### The task
Look below for the line containing "Market - Cadouri"; write out that line and each one after it to the end, exactly, and nothing else.

### Supplied material

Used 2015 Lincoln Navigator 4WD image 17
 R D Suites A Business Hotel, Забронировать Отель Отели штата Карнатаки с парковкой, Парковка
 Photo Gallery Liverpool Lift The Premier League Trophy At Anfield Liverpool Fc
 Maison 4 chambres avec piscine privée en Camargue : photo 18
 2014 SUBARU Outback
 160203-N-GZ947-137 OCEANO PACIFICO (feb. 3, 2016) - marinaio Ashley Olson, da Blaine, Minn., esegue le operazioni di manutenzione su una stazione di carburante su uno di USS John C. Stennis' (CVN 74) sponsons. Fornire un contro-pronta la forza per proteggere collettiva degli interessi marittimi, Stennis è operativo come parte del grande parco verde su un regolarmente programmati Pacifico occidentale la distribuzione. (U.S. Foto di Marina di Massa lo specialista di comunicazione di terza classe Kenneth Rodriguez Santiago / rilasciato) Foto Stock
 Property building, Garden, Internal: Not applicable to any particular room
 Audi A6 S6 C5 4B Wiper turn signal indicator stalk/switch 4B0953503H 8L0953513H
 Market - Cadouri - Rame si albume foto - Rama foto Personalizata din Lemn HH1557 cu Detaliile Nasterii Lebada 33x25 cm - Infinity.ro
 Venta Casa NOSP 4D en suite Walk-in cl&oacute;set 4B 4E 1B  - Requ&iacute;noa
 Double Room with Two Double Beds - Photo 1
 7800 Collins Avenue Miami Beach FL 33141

### Answer space
 Market - Cadouri - Rame si albume foto - Rama foto Personalizata din Lemn HH1557 cu Detaliile Nasterii Lebada 33x25 cm - Infinity.ro
 Venta Casa NOSP 4D en suite Walk-in cl&oacute;set 4B 4E 1B  - Requ&iacute;noa
 Double Room with Two Double Beds - Photo 1
 7800 Collins Avenue Miami Beach FL 33141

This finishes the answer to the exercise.